START Data shown
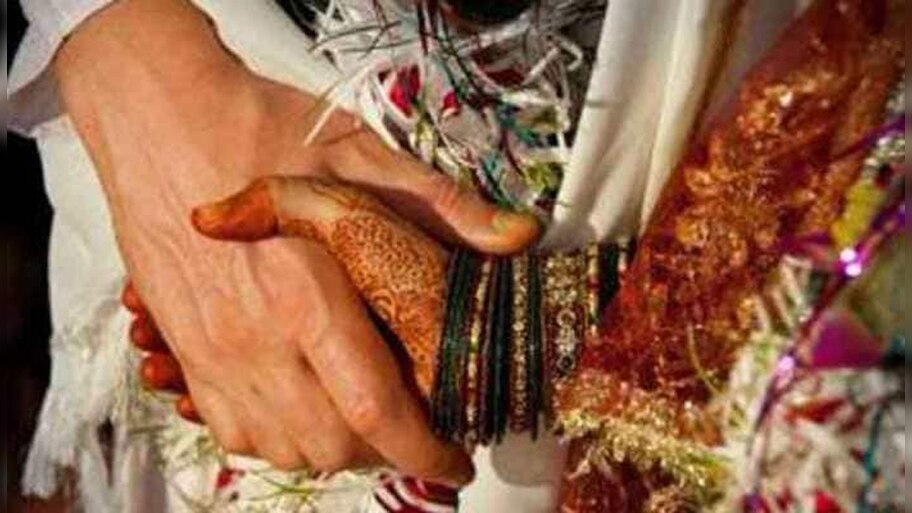 4 लड़कों के साथ भागी एक लड़की, पकड़े जाने पर शादी करने में हुई कंफ्यूज, फिर ऐसे हुआ फैसला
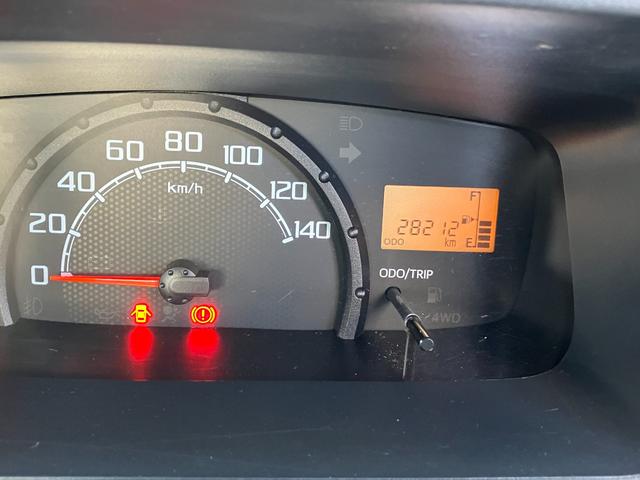 ハイゼットトラック エクストラ　４ＷＤ　ＭＴ　スマートアシスト・コーナーセンサー・切り替え式４ＷＤ（ＣＶＴ車）・電動格納ミラー・スーパーＵＶ＆ＩＲカットガラス（フロントウィンドウ）・ハロゲンヘッドランプ・マニュアルエアコン（11枚目）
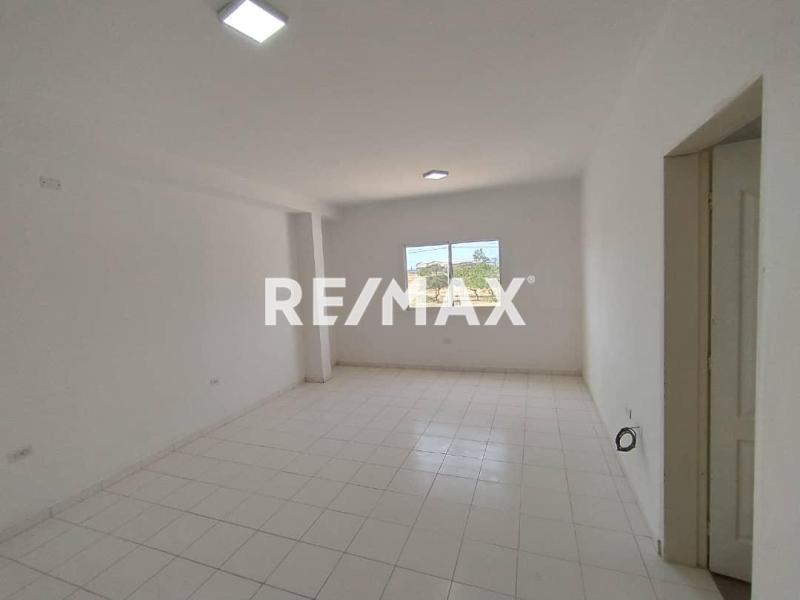 En Venta Casa o TownHouse Urbanización Zarabon, Conjunto Residencial Amantea.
END Data shown
Strip the images and return the remaining data exactly.

= Solution =
 4 लड़कों के साथ भागी एक लड़की, पकड़े जाने पर शादी करने में हुई कंफ्यूज, फिर ऐसे हुआ फैसला
 ハイゼットトラック エクストラ　４ＷＤ　ＭＴ　スマートアシスト・コーナーセンサー・切り替え式４ＷＤ（ＣＶＴ車）・電動格納ミラー・スーパーＵＶ＆ＩＲカットガラス（フロントウィンドウ）・ハロゲンヘッドランプ・マニュアルエアコン（11枚目）
 En Venta Casa o TownHouse Urbanización Zarabon, Conjunto Residencial Amantea.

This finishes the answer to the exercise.